The Warner Archive has a very colorful week with the 1965 Sidney Poitier drama A Patch of Blue and the 1962 Italian fantasy adventure The Golden Arrow.

Television

Sony brings the fourth season of Outlander to disc with the option of an expensive Collector’s Edition for fans.

Meanwhile, South Park continues chugging along, now in its twenty-second season.

My $.02

As a completist David Lynch fan, I will need to add the Criterion edition of Blue Velvet to my collection even though I’ve been perfectly satisfied with the old MGM copy.

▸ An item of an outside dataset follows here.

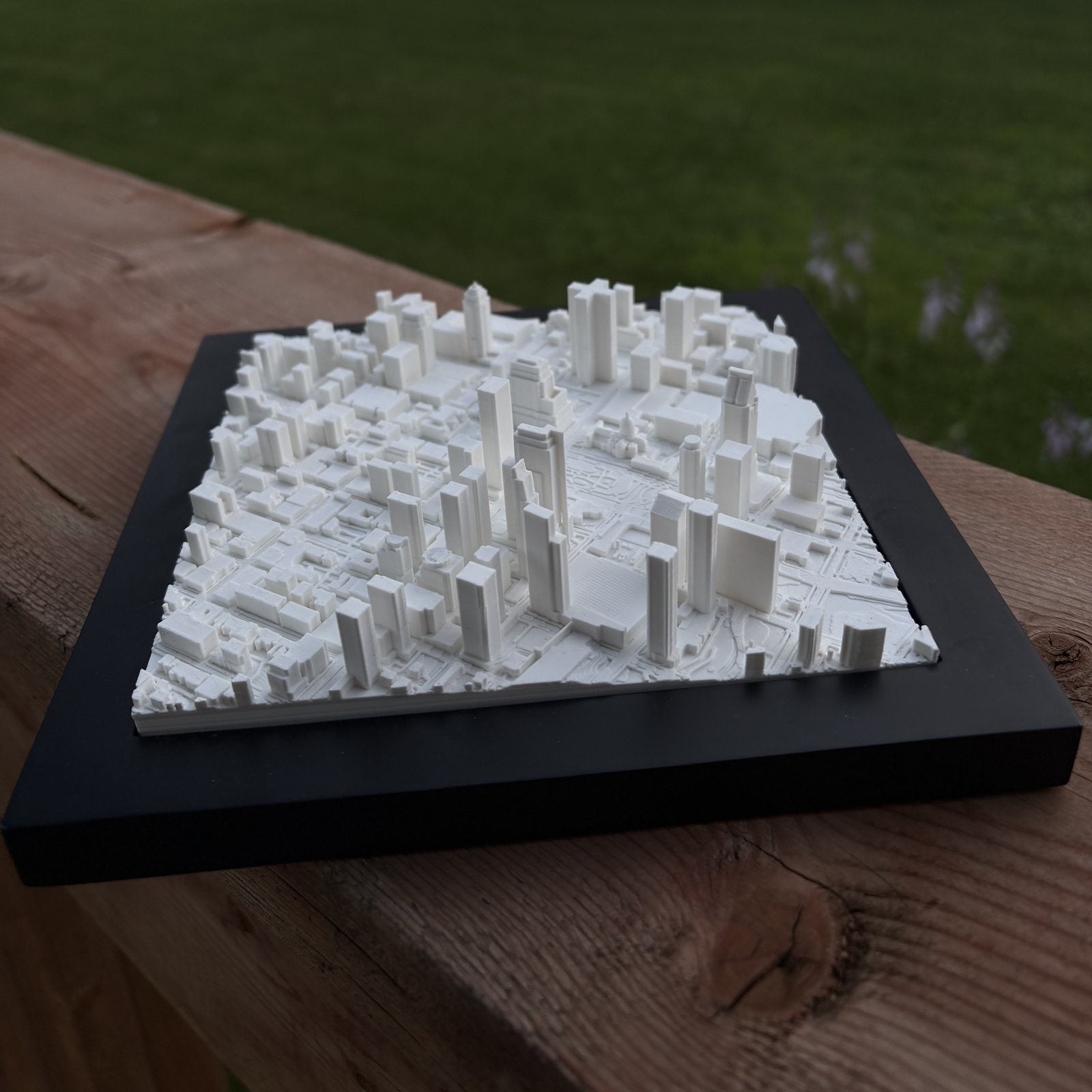A Mini City Prints framed cityscape resting on a wooden deck rail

That’s all on my agenda this week. What’s on yours?

11 comments

  1. Chris B

    Criterion needs to stop releasing David Lynch movies we already have great editions of and put out those of his films that don’t yet have a Blu-Ray release. Maybe then we wouldn’t have one of his greatest works (Lost Highway) being put out by second-tier distributor Kino Lorber. Way to miss the boat boys, get your shit together.

    • Josh Zyber
      Author

      I think it’s simply a matter of Criterion having easy access to the MGM catalog these days. That being the case, why wouldn’t they do Blue Velvet? It’s Lynch’s best-known film, and (even more importantly) a title that he’s still willing to discuss in interviews and work with Criterion to oversee (unlike, say, Dune). Criterion prioritizing that one is simple expediency.

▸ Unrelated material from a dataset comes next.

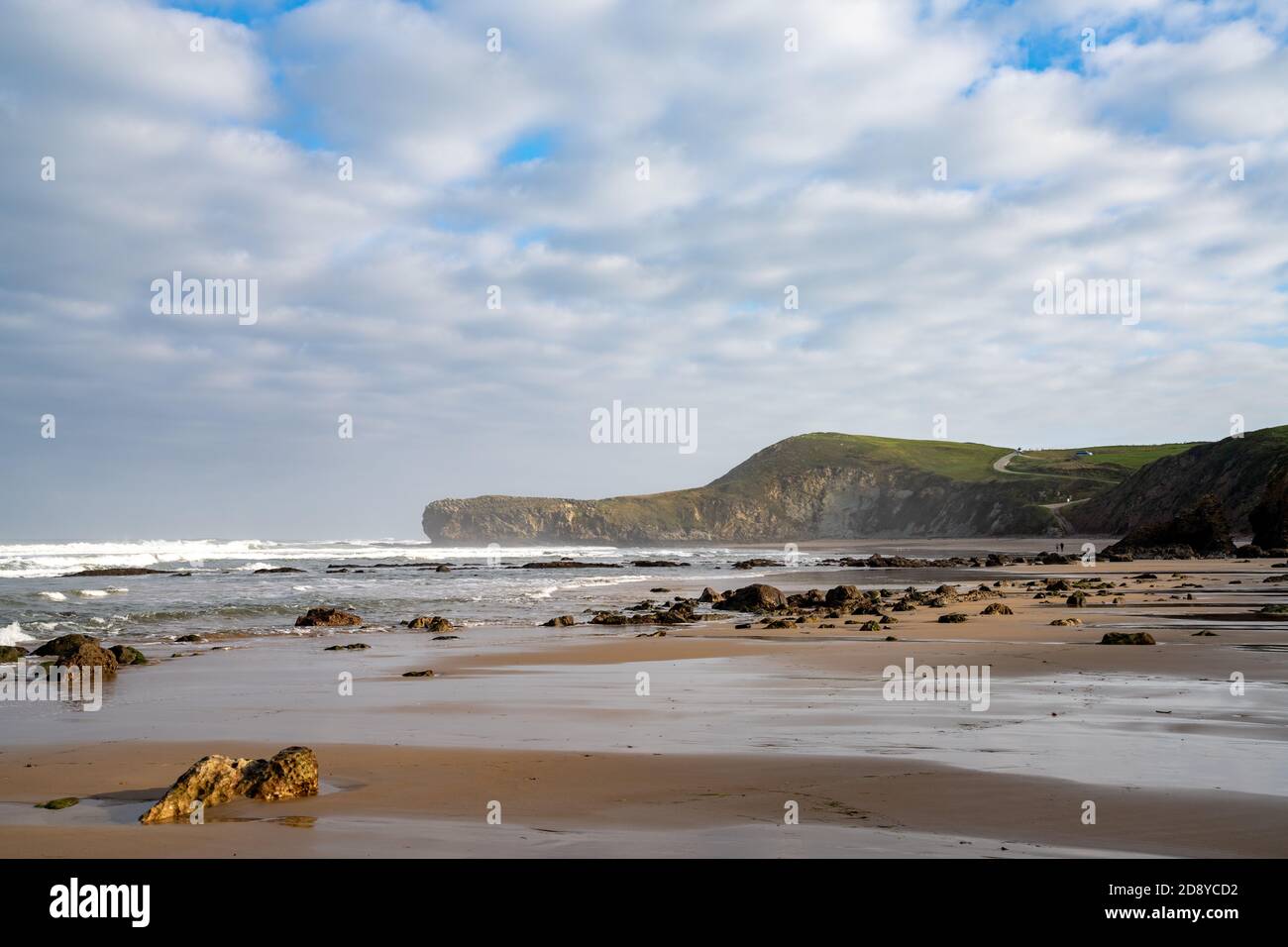A panorama view of wild and rocky and sandy beach at low tide Stock Photo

      Lost Highway is currently owned by French studio MK2, and the North American distribution rights have bounced around a lot over the years. Universal put it out on DVD last, but I’m not sure if that’s who licensed it to Kino or if somebody else controls that film here. Criterion may never have been in the running to get the Blu-ray rights.

      • Chris B

        Criterion is the gold standard and Lynch obviously has a working relationship with them. This is the second title in as many years they/ve put out that already has a good quality release (FWWM being the other as you’re no doubt aware) I’m sure with enough effort, Lynch and Criterion Co. could acquire the rights to Elephant Man, Inland Empire, Straight Story etc and release them on home video. Instead we get re-releases that don’t seem to bring much new to the table (although, I’ve heard reports of the new BV disc containing 51 minutes of unreleased footage, can’t confirm though since I don’t have the disc on hand).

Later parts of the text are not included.